For several major food trading companies, more than 75% of income now stems from financial operations rather than the physical movement of goods.

Developing economies face mounting pressures

Developing economies are forecast to grow by 4.3%, significantly faster than advanced economies. But they face higher financing costs, greater exposure to sudden shifts in capital flows and rising climate-related financial risks. These factors limit the fiscal and investment space needed to sustain growth.

The global South accounts for more than 40% of world output, nearly half of global merchandise trade and more than half of global investment inflows.

Yet its role in global financial markets remains limited. Excluding China, developing countries represent only about 12% of global equity market value and around 6% of global bond issuance.

Because their domestic financial markets are small, many developing economies rely on external borrowing at significantly higher cost. Borrowing rates of 7% to 11% are common, compared with 1% to 4% in major advanced economies. 
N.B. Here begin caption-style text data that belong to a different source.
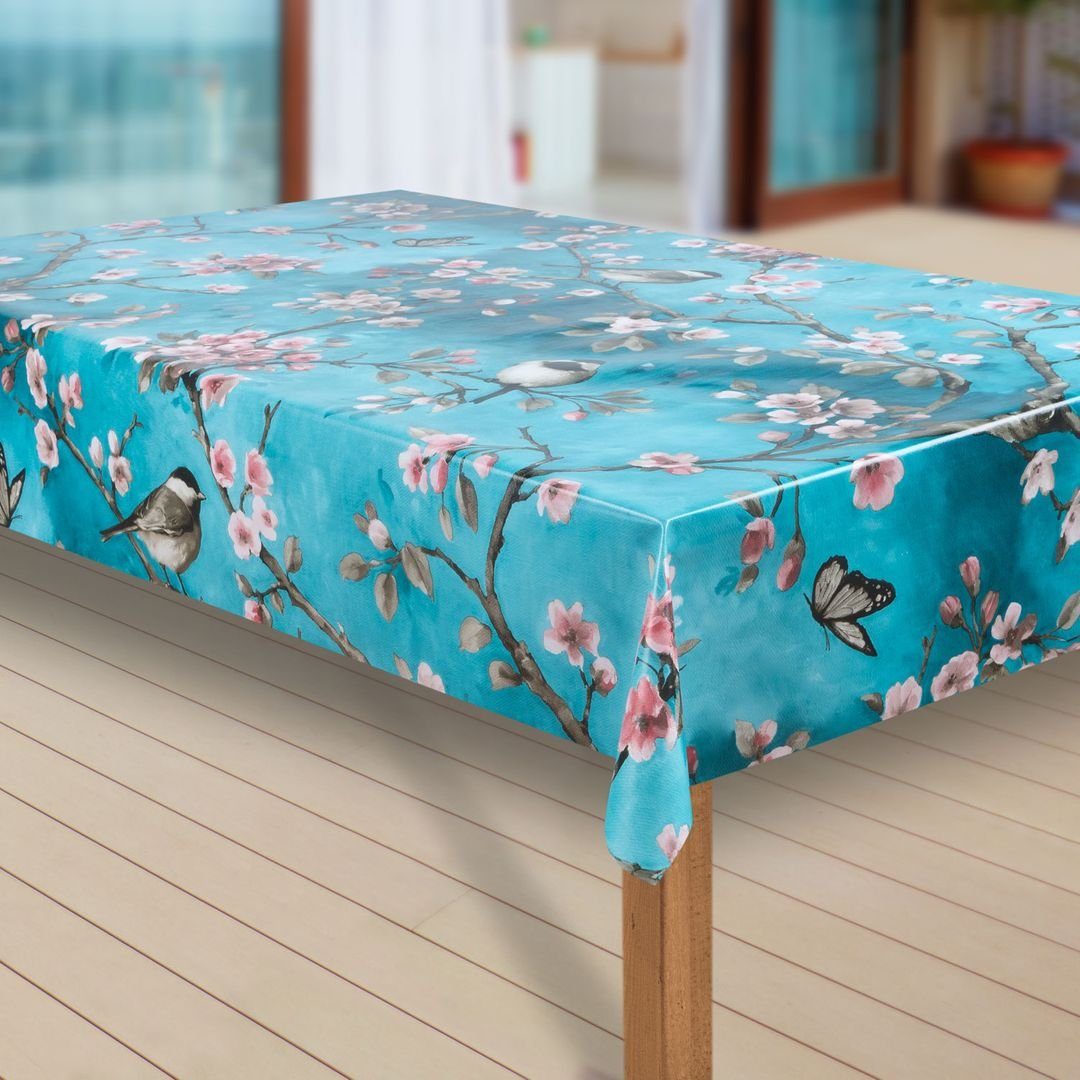 laro Tischdecke Wachstuch-Tischdecken Abwaschbar Kirschblüte rechteckig günstig online kaufen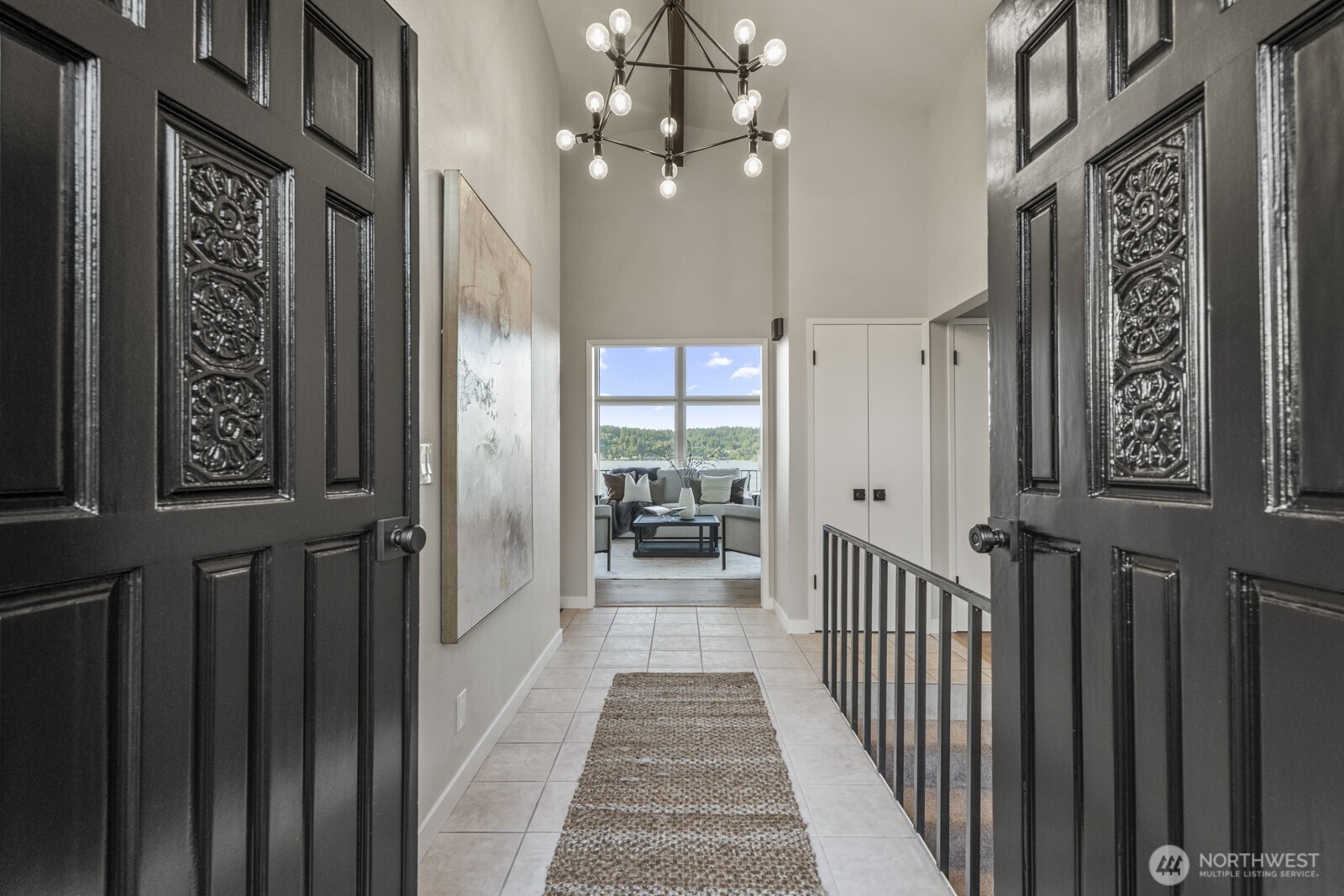 Dramatic entry with custom lighting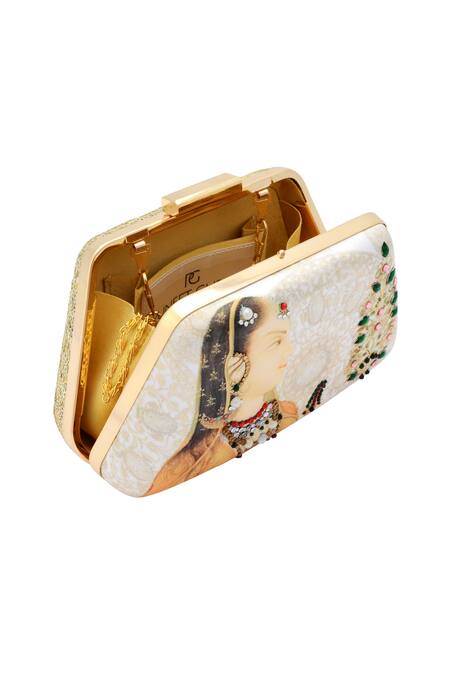 Buy_Puneet Gupta_White Beads Ivory Digital Printed Clutch _Online_at_Aza_Fashions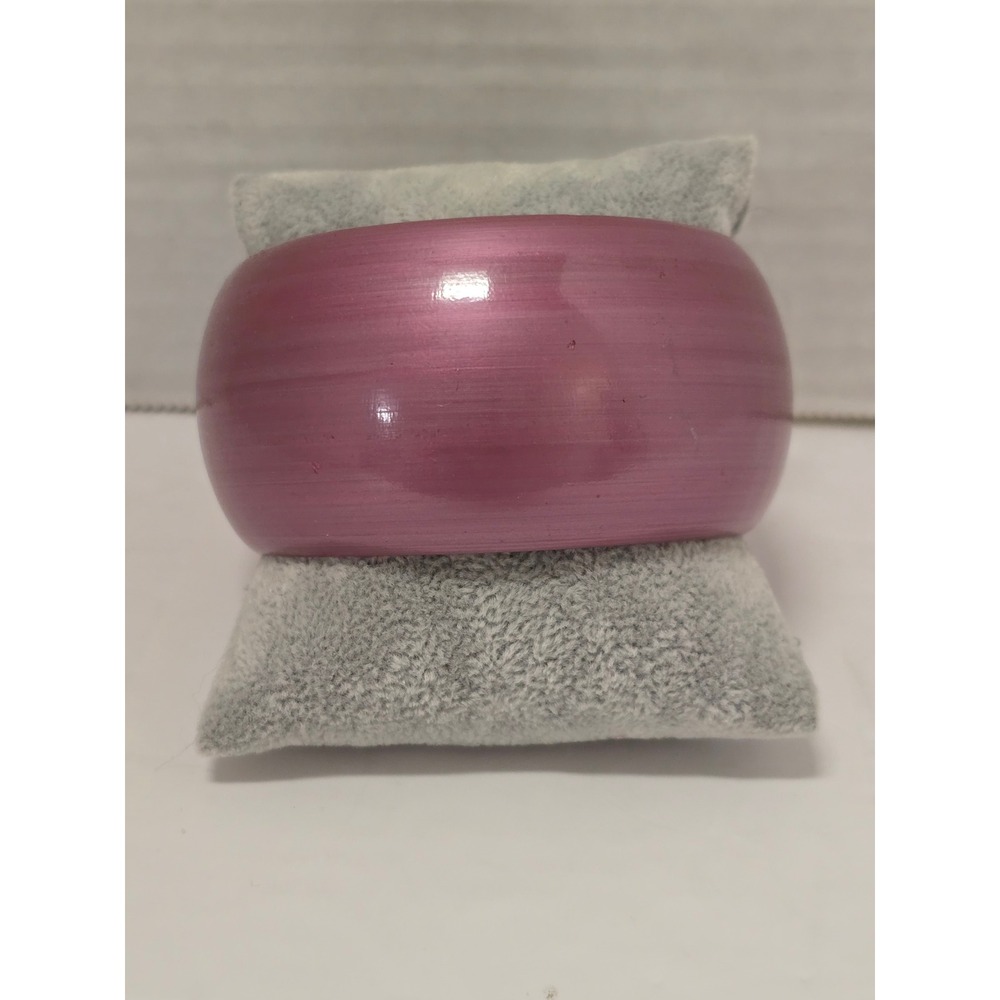 Vintage 90s Mauve Pink Chunky Bangle Bracelet Pearlescent Wide Dome Statement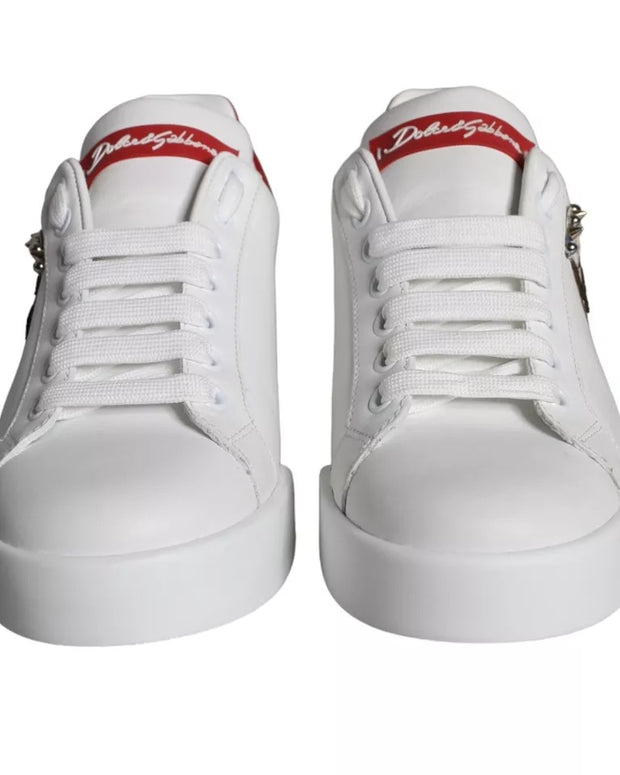 White Patch Calfskin Nappa Portofino Sneakers Shoes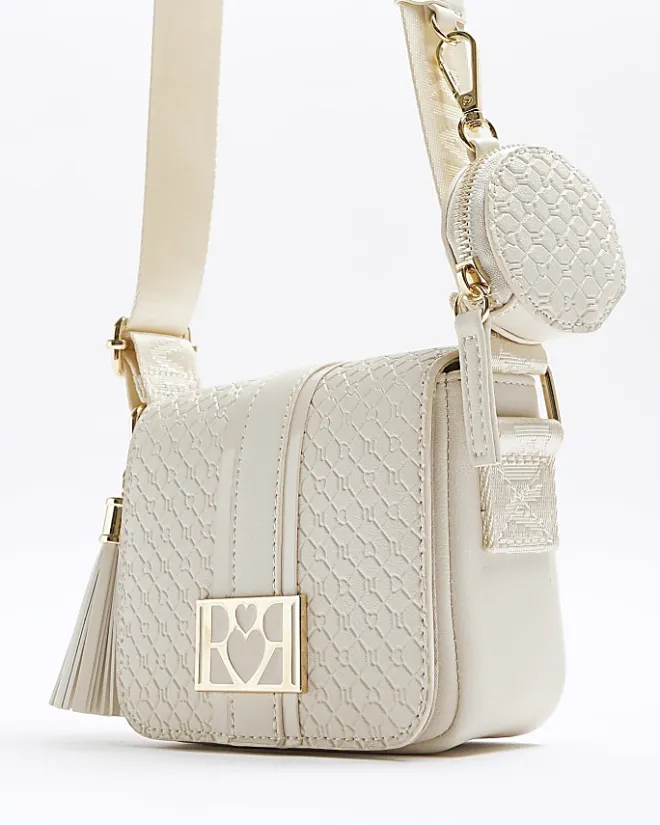 River Island Girls embossed monogram cross body bag Cream Discount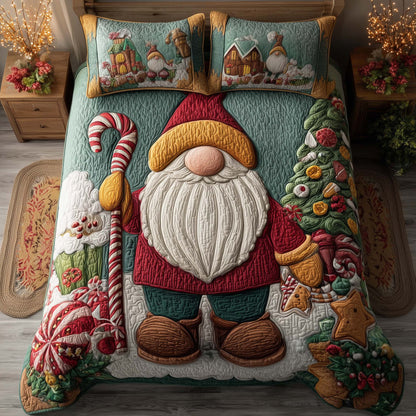 Festive Gnomes 3-Piece Quilted Bedding Set GFTOHD12642
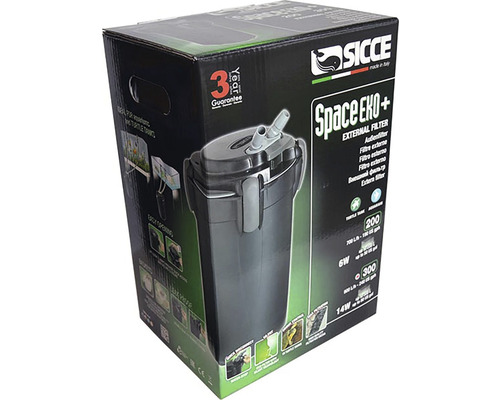 Vnější filtr Sicce Space EKO Plus v obalu produktu s tříletou zárukou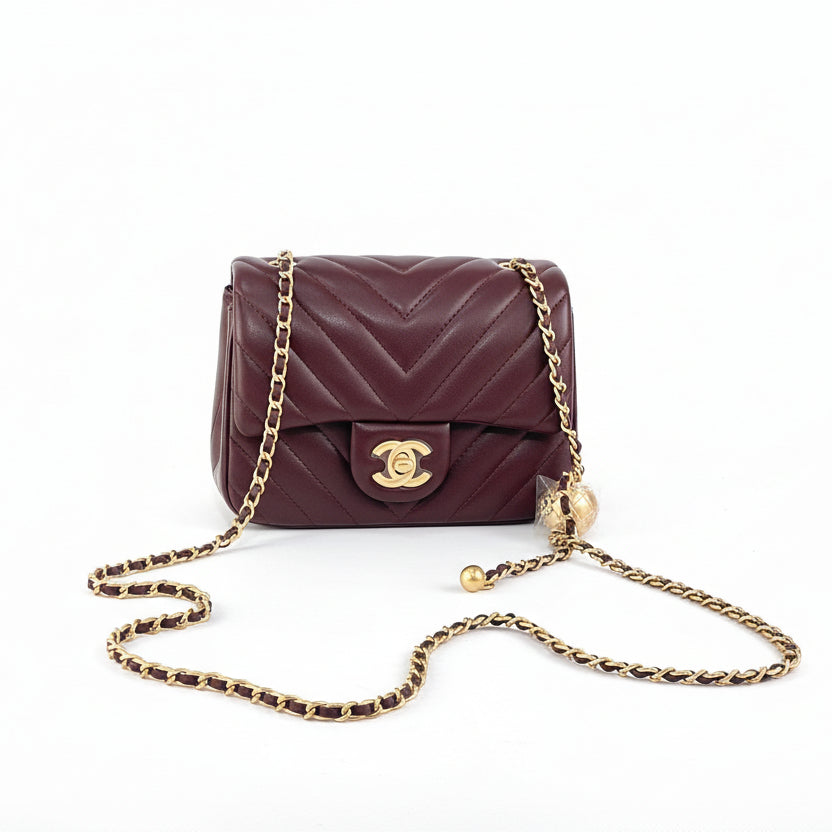 Chanel Chevron Quilted Gold Ball Flap Bag 🍷✨👜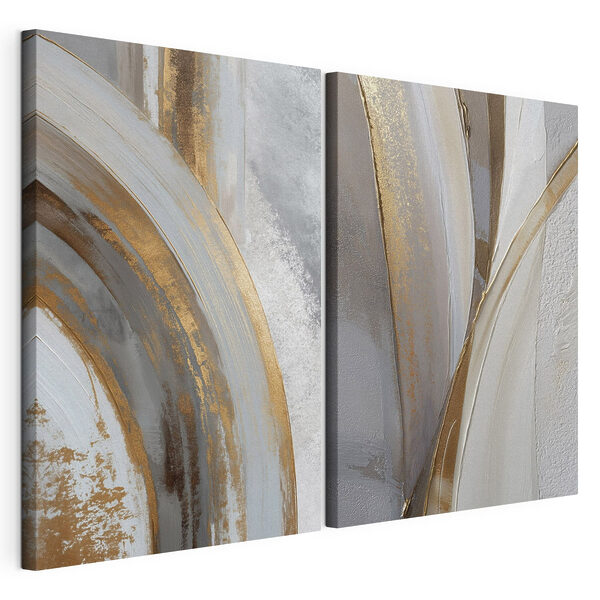 Modulaire canvasprint Kunstzinnige rondingen in subtiele tinten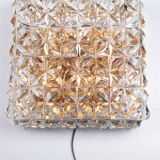 Large gold-plated & crystal glass flush mount light from kinkeldey, 1970s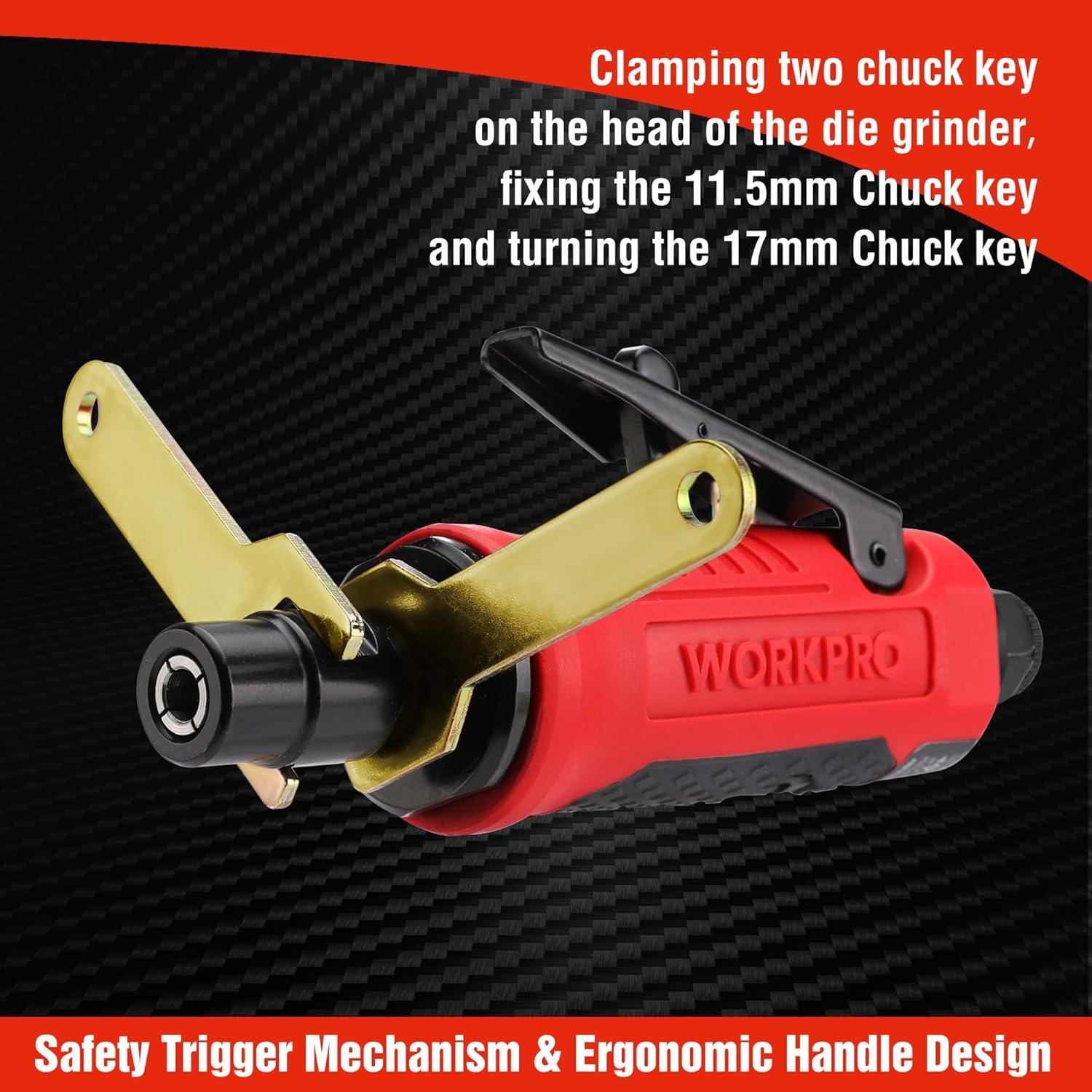 Amortiguador Neumático WORKPRO Recto 25000RPM 0.25kg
These elevated costs often reflect structural issues in the international financial architecture rather than economic fundamentals, reducing long-term investment and slowing growth.

Climate vulnerability adds to financial pressures. Countries repeatedly exposed to extreme weather now pay an estimated 20 billion dollars more each year in interest because lenders perceive them as riskier. Since 2006, these additional premiums have cost climate-vulnerable economies about 212 billion dollars – resources that could have supported social investment or climate adaptation.

Dollar dominance continues to anchor global finance

Despite gradual diversification of international reserves, the dollar remains central to global finance. Its share of international payments through SWIFT has risen from 39% to about 50% in five years. 

The United States also accounts for half of global equity market value and about 40% of global bond issuance. 

While this provides stability in uncertain periods, it also links developing economies to financial cycles over which they have limited influence.

Targeted reforms to restore stability and support development

UNCTAD outlines a set of practical reforms aimed at reducing financial vulnerability, improving predictability and supporting stronger alignment between trade, finance and development. The report calls for:

  • Fix the multilateral trade dispute system so rules are enforced and uncertainty is reduced.
  • Update trade rules for today’s economy; including services, digital trade, climate action and new industrial strategies.
  • Close data gaps on trade and investment statistics to better inform and coordinate policies.
  • Reform the international monetary system to limit harmful swings in currencies and capital flows.
  • Strengthen regional and domestic capital markets so developing countries can raise affordable long-term finance.
  • Use macroprudential tools (rules that reduce negative financial spillovers) to better protect trade and investment.
  • Improve transparency in commodity trading and expand access to affordable trade finance, especially for small businesses.

Rebeca Grynspan said reconnecting trade and finance is essential for lasting stability: “What does genuine resilience require? Integrated policy frameworks that recognize links between trade, finance and sustainability.” She added that coordinated reforms can strengthen long-term development prospects: “Fundamentally, we cannot understand trade isolated from finance.”